As for the beta being a scam, I assume you mean using it as a perk to sell preorders of the season pass. Planet Zoo got its own flak for that by bundling the preorder beta with the deluxe version of the game, but I would not really consider it a scam. Nor early access games, really. People sign up at their own risk and the potential outcomes of early access should be more well known now than when the practice first began. In the Planet Zoo example, people were upset that they had paid for the beta and it was neither the whole, smooth game nor continued access. What they had wanted was an early access version, not to bug squash, and I can only be so sympathetic with the people that decided to pay the extra money without knowing what they were purchasing. I agree, it is usually better to wait the game out for a safer, smoother experience. However, it is hardly the same as say Fallout 76 where people dropped $60 or more for better editions and then it was practically unplayable at the official launch date. If businesses want to sell and consumers want to buy, why not if there is no deception?
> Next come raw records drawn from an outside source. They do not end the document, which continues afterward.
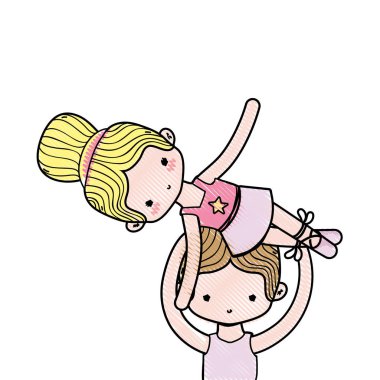 rendelenmiş çift performans uygulama bale dans illüstrasyon vektör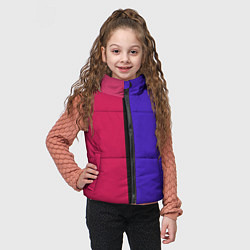 Детский жилет Полосы фуксия, фиолетовый и черный, цвет: 3D-черный — фото 2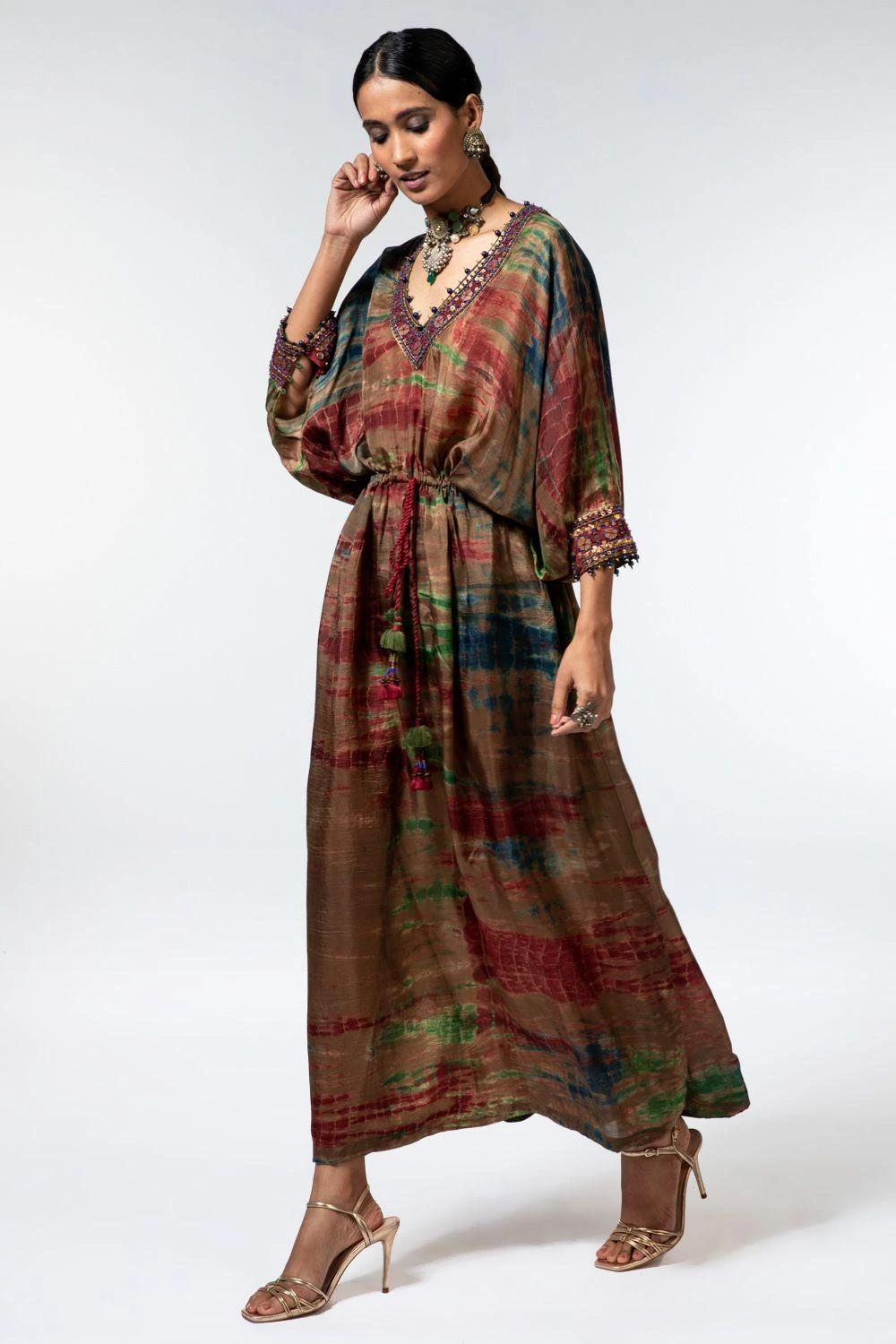 CAPISVIRLEO Multicoloured Tie Dye Kaftan Dress 3 CAPISVIRLEO Multicoloured Tie Dye Kaftan Dress - Image 3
As for community bug testing, I don't see why the skills would be relegated to specific motives. For sure, exploiters will always push the boundaries for their own gains, but that does not mean they will be the only ones to find the exploits or that the number of reports be will be too insignificant to be useful. I do not know the whole Ark community, but it is pretty sizeable to say they would be completely useless here. If you are right, though, and a public beta is completely useless on a technical level and just another level of early access, it does not mean there should not be one. On the contrary, if it is just for fun anyway why not go ahead and release some of it for those willing to pay? Like I said earlier in the thread, I am pretty indifferent to Ark getting a beta and do not expect it, but I do not think it would be a bad thing or completely useless either.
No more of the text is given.